Failed to commit collection indexes dbname.tblname: Location16814: error opening file “/shardserver/data/_tmp/extsort-index.218”: errno:24 Too many open files
2023-06-14T00:08:06.979+0000 E INITSYNC [replication-7] collection clone for ‘dbname.tblname’ failed due to Location16814: Error cloning collection ‘dbname.tblname’ :: caused by :: error opening file “/shardserver/data/_tmp/extsort-index.218”: errno:24 Too many open files
Note: The table size is huge and mentioned below.
Can anyone provide your valuable feedback about the issue we are facing?
Hi @ashwin_reddy1 and welcome to MongoDB community forums!!
Based on the details shared, could you help me understand a few more details like:
- Can you confirm if the sharded cluster is deployed in a kubernetes environment ?
- The space mentioned in the above post, could you confirm using
ulimit -a if the configuration has been set?
- The MongoDB version 4.2 has reached End of Life in April 2023 and hence no further updates will be made, would you mind upgrading to the latest stable version which involves bug fixes and new features and confirm if you are facing the similar issue?
Thanks for your response.
- There is no Kubernetes involved in the MongoDB shard cluster it is running on-prem machines.

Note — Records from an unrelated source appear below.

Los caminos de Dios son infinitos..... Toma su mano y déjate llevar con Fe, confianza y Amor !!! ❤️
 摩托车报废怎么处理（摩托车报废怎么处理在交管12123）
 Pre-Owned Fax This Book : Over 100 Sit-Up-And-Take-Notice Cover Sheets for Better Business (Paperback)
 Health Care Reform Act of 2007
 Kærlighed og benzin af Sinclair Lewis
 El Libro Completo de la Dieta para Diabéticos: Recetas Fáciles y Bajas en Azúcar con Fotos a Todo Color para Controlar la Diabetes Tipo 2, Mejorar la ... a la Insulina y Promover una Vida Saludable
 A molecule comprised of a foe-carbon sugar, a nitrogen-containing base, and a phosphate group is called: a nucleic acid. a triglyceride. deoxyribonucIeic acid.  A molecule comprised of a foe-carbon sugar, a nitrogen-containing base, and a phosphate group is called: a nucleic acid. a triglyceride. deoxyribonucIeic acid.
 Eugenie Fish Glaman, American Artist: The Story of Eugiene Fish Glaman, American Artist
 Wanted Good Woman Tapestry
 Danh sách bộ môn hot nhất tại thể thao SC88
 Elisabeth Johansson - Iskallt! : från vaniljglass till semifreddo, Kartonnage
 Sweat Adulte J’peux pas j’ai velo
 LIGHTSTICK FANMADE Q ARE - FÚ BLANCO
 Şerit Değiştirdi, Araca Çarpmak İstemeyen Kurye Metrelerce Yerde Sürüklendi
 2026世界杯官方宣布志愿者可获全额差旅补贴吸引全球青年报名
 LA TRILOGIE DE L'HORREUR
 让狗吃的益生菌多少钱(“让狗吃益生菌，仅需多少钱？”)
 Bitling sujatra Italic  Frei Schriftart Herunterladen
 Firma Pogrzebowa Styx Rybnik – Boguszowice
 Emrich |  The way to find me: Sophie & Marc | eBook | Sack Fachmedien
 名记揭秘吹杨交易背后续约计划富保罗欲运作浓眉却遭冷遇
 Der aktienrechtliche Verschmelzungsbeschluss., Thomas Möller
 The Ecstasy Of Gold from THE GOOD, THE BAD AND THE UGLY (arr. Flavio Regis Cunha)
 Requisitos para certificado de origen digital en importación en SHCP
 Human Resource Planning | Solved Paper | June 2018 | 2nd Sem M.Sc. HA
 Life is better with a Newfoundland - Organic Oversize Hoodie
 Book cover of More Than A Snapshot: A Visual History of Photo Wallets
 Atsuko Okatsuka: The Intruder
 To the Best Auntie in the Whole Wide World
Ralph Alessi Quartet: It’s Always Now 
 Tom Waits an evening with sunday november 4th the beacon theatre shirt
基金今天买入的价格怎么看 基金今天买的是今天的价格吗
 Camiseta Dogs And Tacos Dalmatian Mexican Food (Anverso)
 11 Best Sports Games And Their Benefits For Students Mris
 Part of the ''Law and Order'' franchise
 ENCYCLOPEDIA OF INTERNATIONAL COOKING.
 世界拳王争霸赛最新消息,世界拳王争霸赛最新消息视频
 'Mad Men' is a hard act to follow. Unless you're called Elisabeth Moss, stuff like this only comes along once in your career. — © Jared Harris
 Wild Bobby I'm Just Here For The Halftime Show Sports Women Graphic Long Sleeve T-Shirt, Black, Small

- Yes the Current ulimit -a value is 1048576.
- Yes, We will take it up soon. Before upgrading, we want to fix this issue and make sure that all 3 nodes in the cluster are up. Currently, only 2 nodes are active.
If you need any more information, please let me know.
Thank you for the information shared.
As per the response, it seems the value for the limit has been set. Just to make sure and also mentioned in the MongoDB documentation, could you confirm if the system was started using
systemctl which uses the ulimit setting.
Please refer to the Linux ulimit documentation for further reference.
Yes, the service is configured with systemctl.
Do you have any update about the above issue?